O relatório sublinha, contudo, que as consequências em Portugal não chegaram aos níveis da Grécia. “O declínio foi menos severo”, sublinha, ressalvando que só no indicador do peso dos “horário longos” se sai pior.

De resto, continua, países com um PIB per capita mais baixo tendem a ficar menos bem nesta avaliação sobre “como vai a vida”. Mas não todos da mesma forma: “Países com níveis muito semelhantes de recursos económicos podem ter diferentes níveis de desempenho nalguns indicadores. Isto significa que vários factores além do PIB podem moldar o bem-estar. E também sugere que há oportunidade para que países com níveis de desenvolvimento económicos semelhantes possam aprender uns com os outros algo sobre ‘o que funciona’.”

No balanço do que melhorou e piorou desde 2009, há aspectos positivos, e onde Portugal se sai bastante bem. Dois exemplos: a esperança de vida à nascença cresceu nove meses em média, na OCDE, e mais de um ano em Portugal; a percentagem de adultos com o ensino secundário aumentou três pontos percentuais na OCDE, mas em Portugal o aumento foi o maior de todos — 10 pontos. Com 40% da população portuguesa entre os 25 e 64 anos com este nível de ensino, em 2013, o país continua, ainda assim, bem abaixo dos 77% da OCDE, como se sublinha no documento.

Entre os aspectos negativos, o aumento da abstenção é um dos destacados. Lê-se: “A afluência às urnas diminuiu entre 2007 e 2014 em cerca de dois terços dos países da OCDE, com algumas das reduções mais significativas nos Estados Unidos, Japão, Grécia, Eslovénia, Itália, Portugal e Espanha.”

Pobreza infantil
Outra má noticia: “As taxas de pobreza infantil aumentaram em mais de dois terços dos países da OCDE.” Em Portugal a evolução apresentada é esta: 18,79% em 2007, 15,67% em 2009 e 16,9% em 2011. “Algumas crianças estão a ter um melhor início de vida do que outras”, em diferentes países, critica o relatório.

O tema da pobreza entre as crianças é, aliás, novo nesta edição do How’s Life, que lembra que 15,1% das crianças portuguesas vivem em agregados familiares onde pelo menos um dos pais está há muito tempo desempregado.
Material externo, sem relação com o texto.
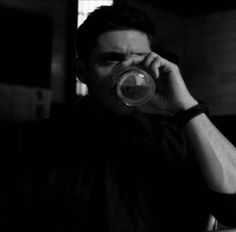 a man drinking from a glass while sitting at a table with his hand on his face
É a segunda taxa mais elevada da OCDE.

Segundo um comunicado emitido ao fim do dia, durante a apresentação do relatório, o secretário-geral da organização, Angel Gurría, declarou: “As políticas não vão construir uma sociedade melhor se não levarem em conta as necessidades de todos os seus membros — particularmente dos mais jovens. A luta contra a desigualdade começa por assegurar que todos têm oportunidade para prosperar, especialmente a partir de uma idade precoce.”